-- THE TASK --
Return a faithful copy of all the entries, omitting the images.

-- THE RECORDS --

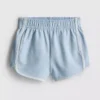 1,5-8 años | pantalones cortos de correr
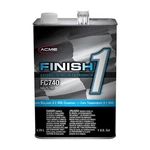Acme Finish FNHFC740-4 Qt. High Solid 2.1 Voc Super Brillante Clearcoat -... New. Price: $53.93.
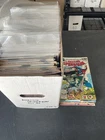 Amazing Spider-Man Marvel Comic Book Lot Of 151!(1)(CHECK OUR AUCTIONS!)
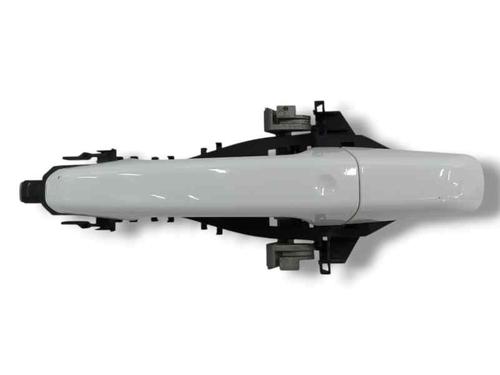 Türgriff hinten links außen für JAGUAR F-PACE (X761) [2015-2025]  26558759
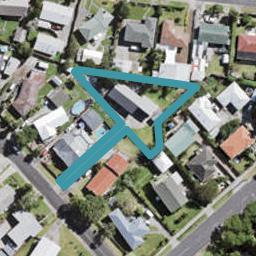 5 Illana Place, Ranui, Auckland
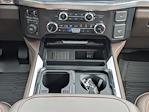 2024 Ford F-450 Crew Cab DRW 4WD Pickup for sale #R57012 - photo 20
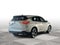 2025 Acura RDX w/Technology Package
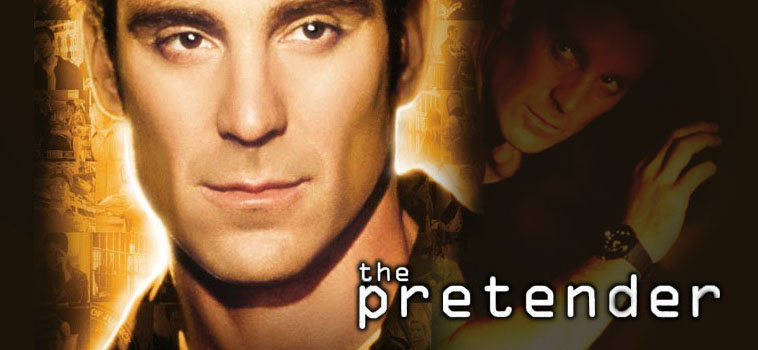 /dateien/uh58257,1263744080,alkanols-tv-shows-the-pretender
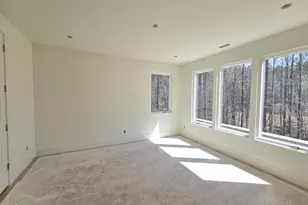 7608 Falls Creek Ln, Raleigh, NC 27614 - Photo 89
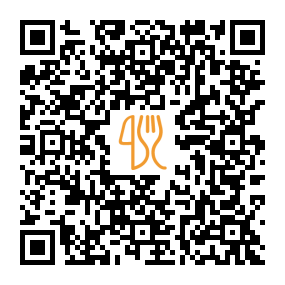 Link con codice QR al menu di Chun Ho Chinese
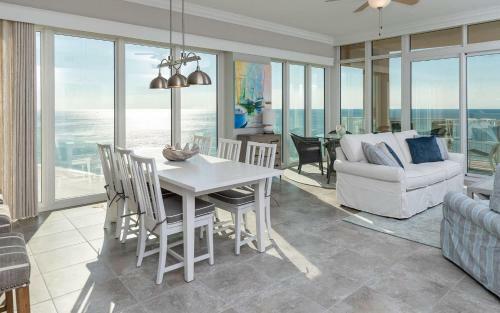 Phoenix Orange Beach By Brett-robinson Vacations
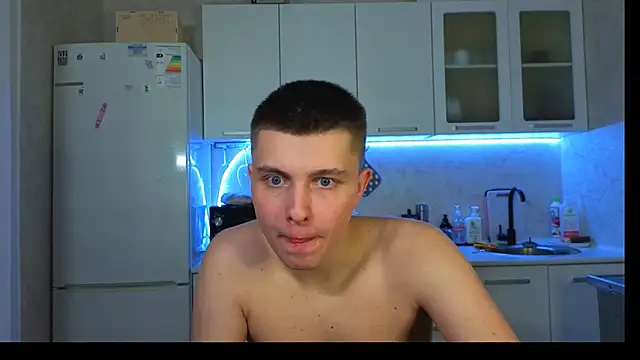 Snapshot of Keviin777 chatting on 02/24/26, 08:07 Keviin777 online show from 02/24/26, 08:07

-- RESULT OF THE TASK --
 1,5-8 años | pantalones cortos de correr
Acme Finish FNHFC740-4 Qt. High Solid 2.1 Voc Super Brillante Clearcoat -... New. Price: $53.93.
 Amazing Spider-Man Marvel Comic Book Lot Of 151!(1)(CHECK OUR AUCTIONS!)
 Türgriff hinten links außen für JAGUAR F-PACE (X761) [2015-2025]  26558759
 5 Illana Place, Ranui, Auckland
 2024 Ford F-450 Crew Cab DRW 4WD Pickup for sale #R57012 - photo 20
 2025 Acura RDX w/Technology Package
 /dateien/uh58257,1263744080,alkanols-tv-shows-the-pretender
 7608 Falls Creek Ln, Raleigh, NC 27614 - Photo 89
 Link con codice QR al menu di Chun Ho Chinese
 Phoenix Orange Beach By Brett-robinson Vacations
 Snapshot of Keviin777 chatting on 02/24/26, 08:07 Keviin777 online show from 02/24/26, 08:07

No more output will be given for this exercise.